▸ Exercise directions:
I'd like the data below restated word for word, with the pictures left out.

▸ Material provided:

· · · · ·

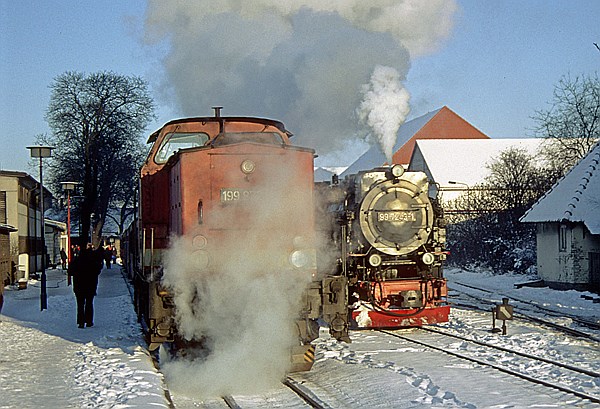 Foto:: DR 199 872-3 + DR 99 7243-1 / Drei Annen Hohne / 28.12.1996 (Foto,Fotos,Bilder,Bild,)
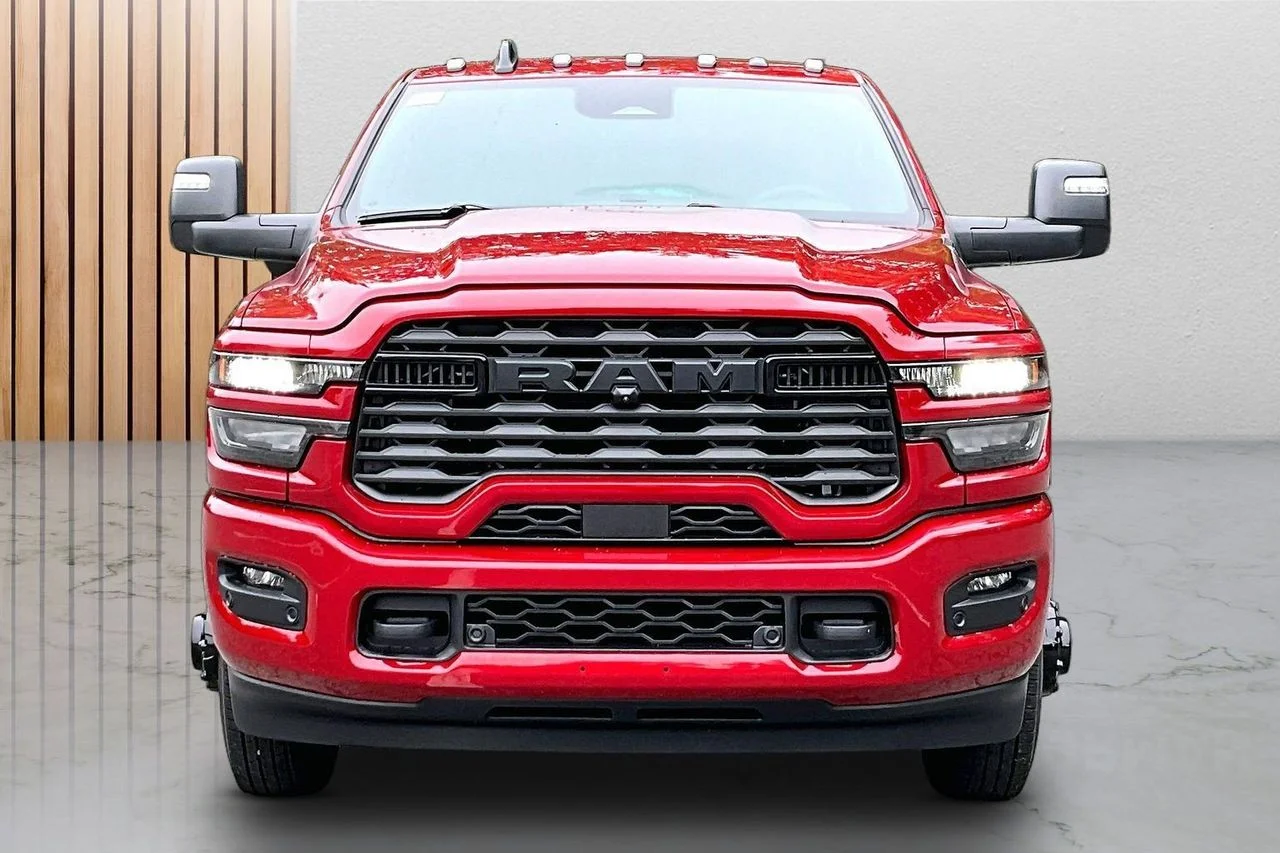 New 2026 Molten Red Pearl-Coat Exterior Paint RAM Big Horn image 3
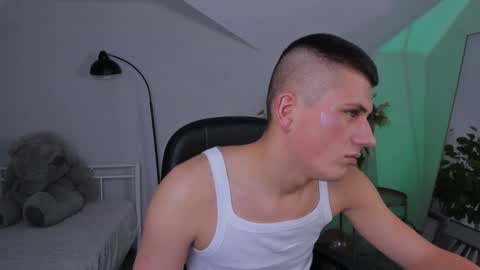 Rony online show from December 3, 9:45 pm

· · · · ·

▸ Answer section:
 Foto:: DR 199 872-3 + DR 99 7243-1 / Drei Annen Hohne / 28.12.1996 (Foto,Fotos,Bilder,Bild,)
 New 2026 Molten Red Pearl-Coat Exterior Paint RAM Big Horn image 3
 Rony online show from December 3, 9:45 pm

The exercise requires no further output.